Yes, that was a pleasant life on picket, in the delicious early summer of the
South, and among the endless flowery forests of that blossoming isle.
In the retrospect I seem to see myself adrift upon a horse's back amid a sea of roses.
The various outposts were within a six-mile radius, and it was one long, delightful gallop, day and night.
I have a faint impression that the moon shone steadily every night for two months; and yet I remember certain periods of such dense darkness that in riding through the wood-paths it was really unsafe to go beyond a walk, for fear of branches above and roots below; and one of my officers was once shot at by a Rebel scout who stood unperceived at his horse's bridle.

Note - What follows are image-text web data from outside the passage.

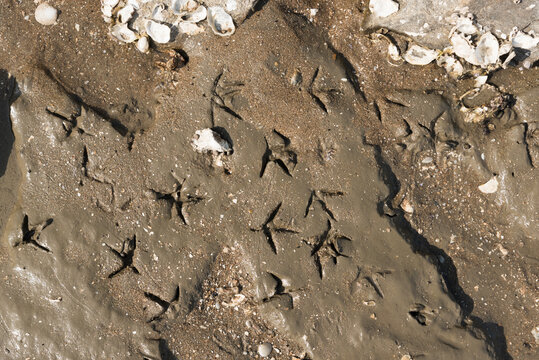 Footprints of seagull 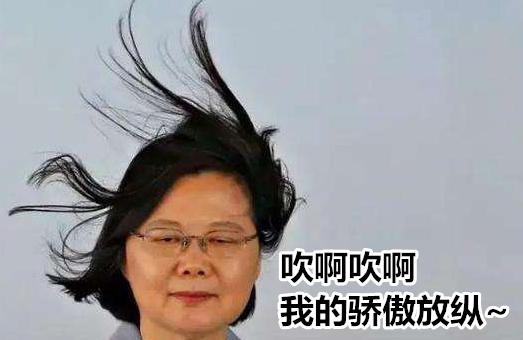 *进党民**又出一个姓蔡的败类！为“反制”大陆竟恶整陆配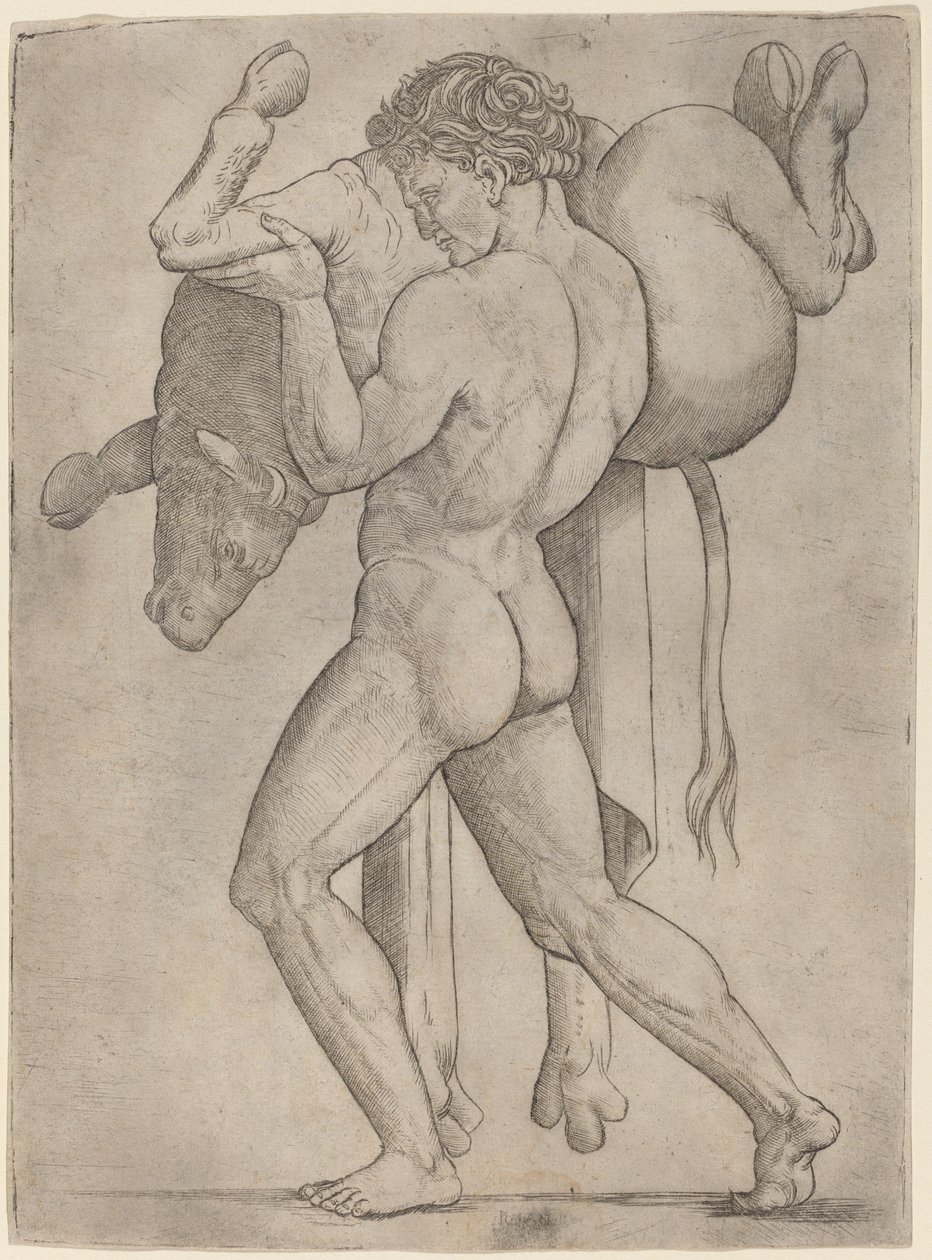 Ercole e il Toro di Creta da Giovanni Antonio da Brescia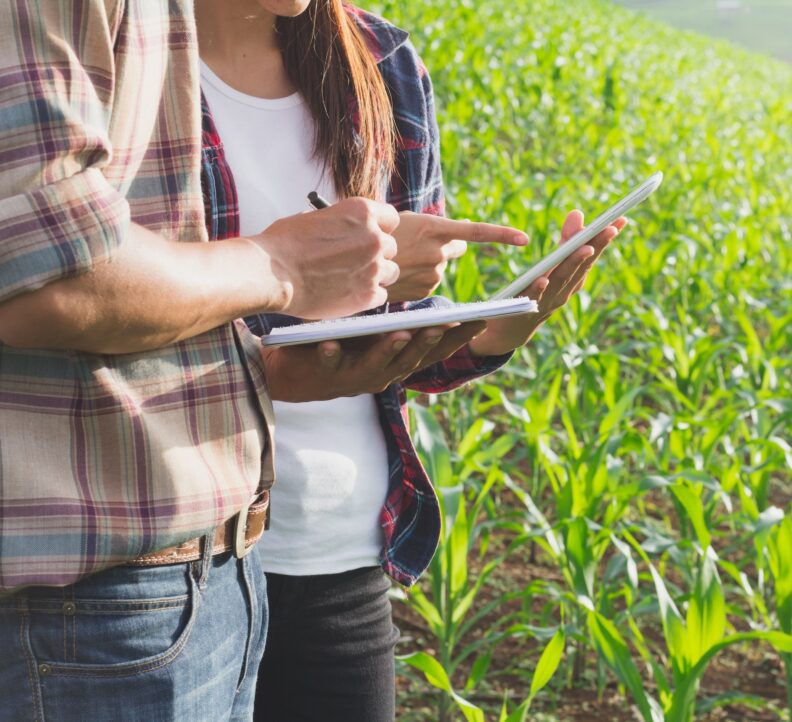 Agronomist examining plant in corn field
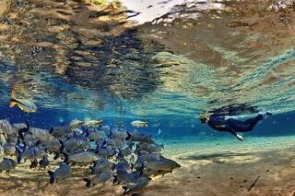 Mês ideal para flutuação e mergulho no rio da Prata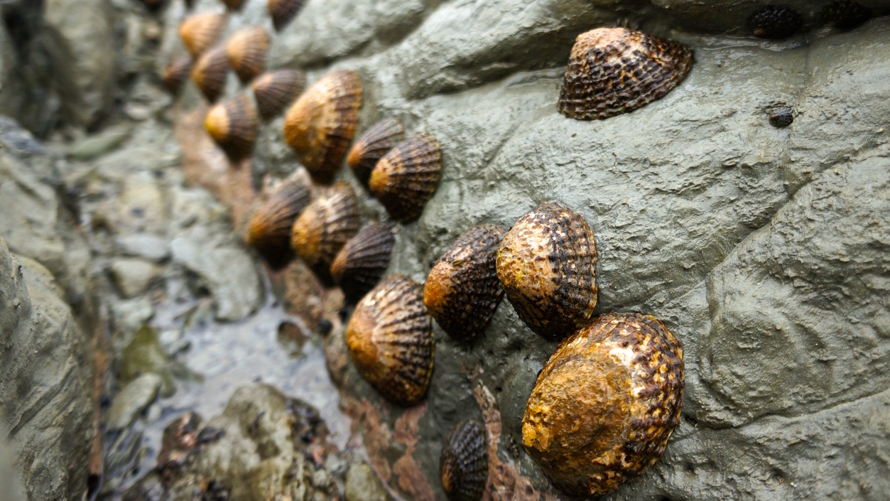 Limpets on a rock in a tide pool in Seattle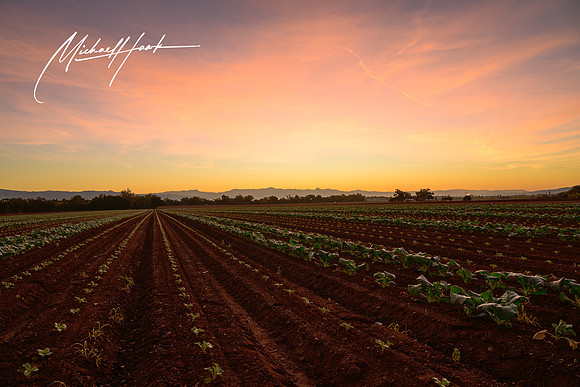 20231123_Gilroy_Scenic_Landscapes_0003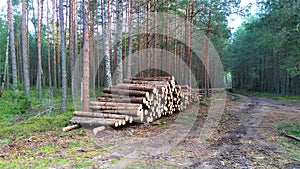 As a result of sanitary felling of trees at the edge of the mixed forest along the road, a stack of logs was stacked for subsequen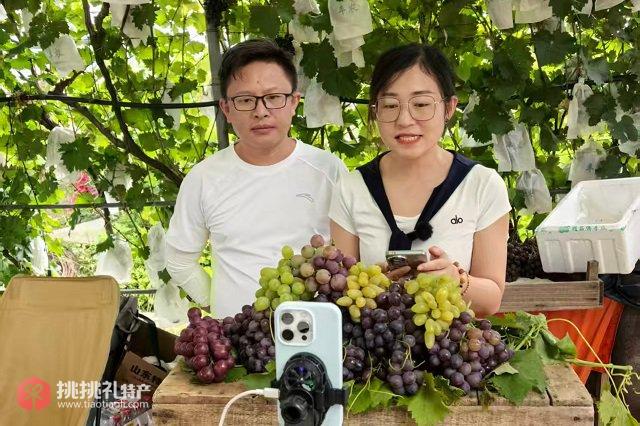 图为镜头架好，王晓龙和同事们开始了今天的直播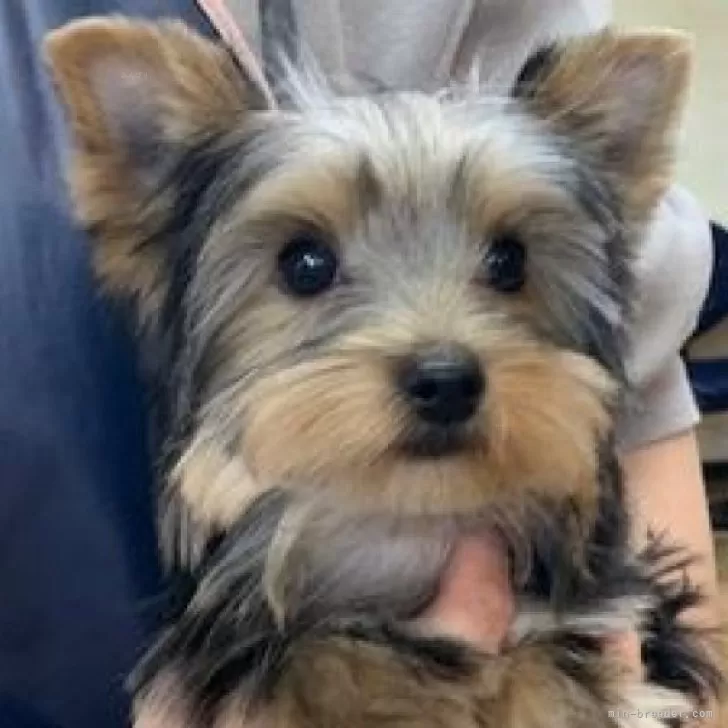 ID:2312-00778の子犬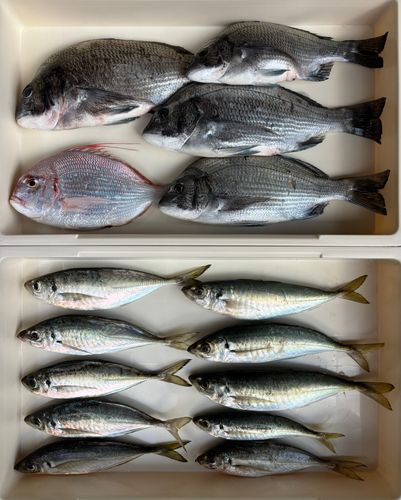 チヌの釣果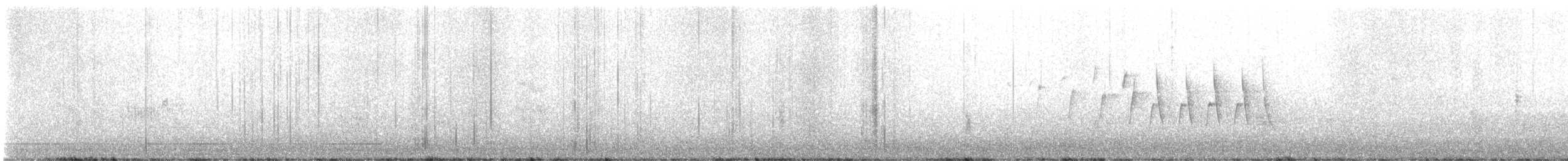 Northern Waterthrush - ML637430829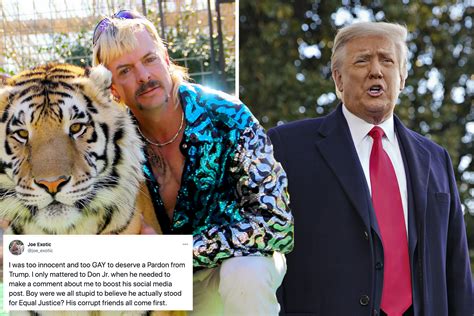 tiger king s joe exotic says he s ‘too innocent and too gay to deserve trump pardon as carole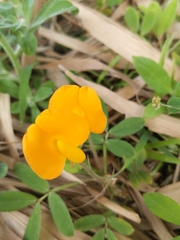Arachis hypogaea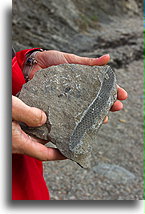 Fossilized Plant Root::Joggins, Nova Scotia, Canada::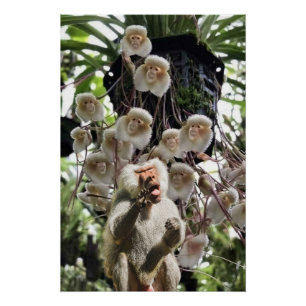 Póster Cuando la naturaleza copia a la naturaleza.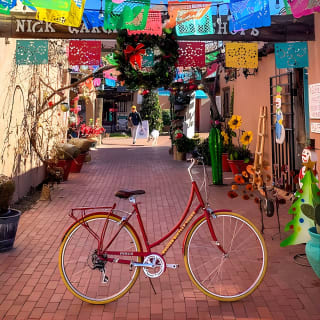 Tienda de bicicletas en Albuquerque 13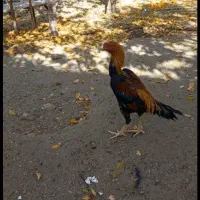 مرغ وخروس لاری اصل|حیوانات مزرعه|بوئین و میاندشت, |دیوار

To those doing outpost-duty on an island, however large, the main-land has all the fascination of forbidden fruit, and on a scale bounded only by the horizon.
Emerson says that every house looks ideal until we enter it,--and it is certainly so, if it be just the other side of the hostile lines.
Every grove in that blue distance appears enchanted ground, and yonder loitering gray-back leading his horse to water in the farthest distance, makes one thrill with a desire to hail him, to shoot at him, to capture him, to do anything to bridge this inexorable dumb space that lies between.
A boyish feeling, no doubt, and one that time diminishes, without effacing; yet it is a feeling which lies at the bottom of many rash actions in war, and of some brilliant ones.